Tuesday, July 14, 2009


Thought of the Day

With Speaker Pelosi caught in the web of her own deceit over what the CIA told her about “torture,” and the Obama administration in the middle of its latest 180-degree reversal over CIA interrogators (Attorney General Holder is now considering prosecutions despite Obama’s promise of no prosecutions), Democrats have trumped up a charge that the CIA, on the orders of Vice President Dick Cheney, failed to notify Congress that it was contemplating — not implementing, but essentially brainstorming about — plans to kill or capture top al-Qaeda figures.
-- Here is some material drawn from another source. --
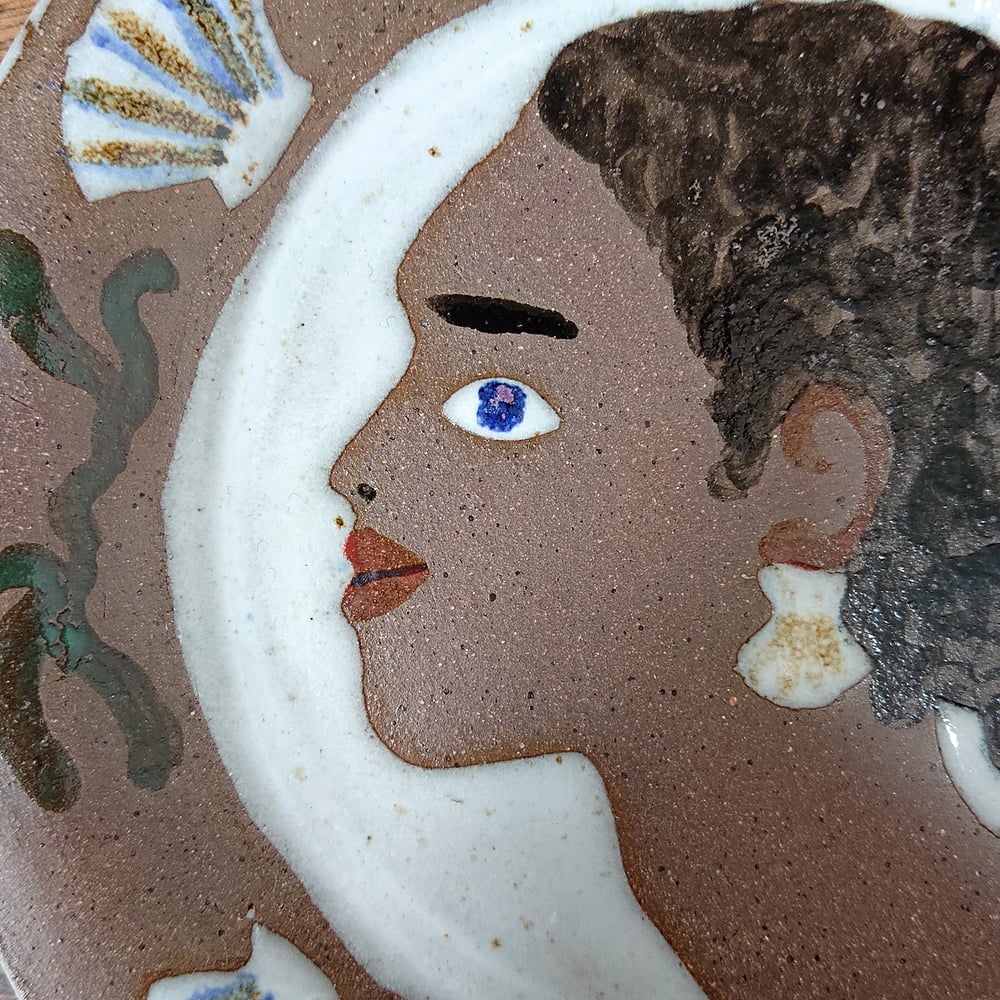 Shell person plate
This is their most ludicrous gambit in a long time — and that’s saying something. Given their eight years of complaints about President Bush’s failure to kill or capture Osama bin Laden, and given President Clinton’s indignant insistence (against the weight of the evidence) that he absolutely wanted the CIA to kill bin Laden, one is moved to ask: What did Democrats think the CIA was doing for the last eight years?
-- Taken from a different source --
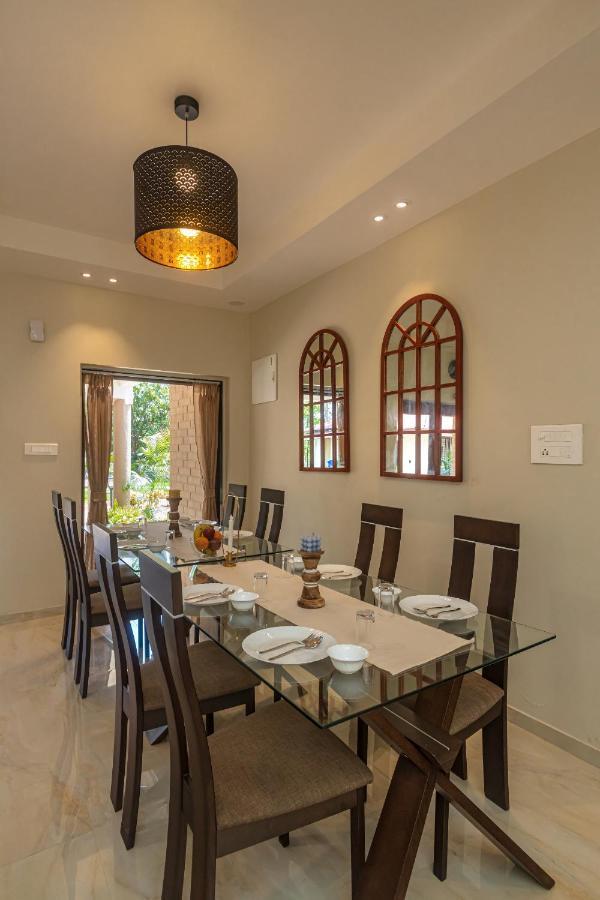 Saffronstays Riverfront Manor, 5-Bdr Pool Villa By Pej River Карджат Екстер'єр фото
Intelligence activities are not reliant on congressional authorization or supervision. Like all executive power under the Constitution, the president is checked in this area by Congress’s enumerated powers, particularly the power of the purse. As is its wont, Congress tries to leverage this authority to usurp presidential prerogatives — to make itself a partner in the actual running of intelligence activities, albeit a partner with no accountability (see Nancy Pelosi, supra).
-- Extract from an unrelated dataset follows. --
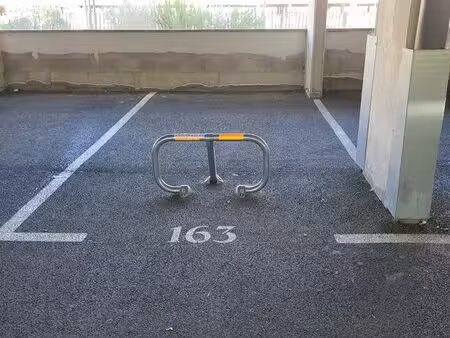places de parking dans résidence sécurisée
So, to score some political points, Democrats have put themselves in the position of opposing CIA efforts to defeat our enemies.


Third, after 9/11, even as President Bush’s warfare strategy decimated al-Qaeda’s top hierarchy, Democrats complained that the Bush administration had failed to kill or capture bin Laden. Now that the political winds have shifted, they have returned to their default position of complaining that government agents were trying to kill or capture bin Laden.

Fourth, this bizarre complaint comes in the form of grousing about a failure to notify Congress, voiced by Sen. Dianne Feinstein, among others. But consider that back in February, Senator Feinstein publicly revealed that Pakistan’s government was allowing the United States to use Pakistani territory as a base for Predator drones being used for controversial targeted assassinations. Unlike Leahy’s aforementioned malfeasance, Feinstein’s unfortunate revelation was doubtlessly inadvertent. But it underscores the danger of informing Congress about intelligence activities.

The last point is a critical one, showing starkly the difference between Democrats and Republicans on national security. President Obama is clearly conducting a war in Pakistan, a country with which we are formally at peace. The legitimate existence of wartime conditions is crucial: If we are not at war, there is no basis in international law for killing Pakistanis (or non-Pakistanis) in Pakistan. But the Right is not accusing the president of conducting an illegal war, of failing to seek congressional authorization, or of committing war crimes. Nor did Republicans seek to exploit Feinstein’s gaffe — while there might have been political sport in it, doing so would have made it more difficult for Pakistan to cooperate with the Obama administration in an effort that advances American security interests.

That is, while Democrats politicize “torture,” “domestic spying,” the Patriot Act, and now the CIA’s efforts to defeat al-Qaeda, Republicans are generally supporting Obama’s Pakistan policy for the greater good of protecting our national security.

Eventually, people do figure out who the grown-ups are.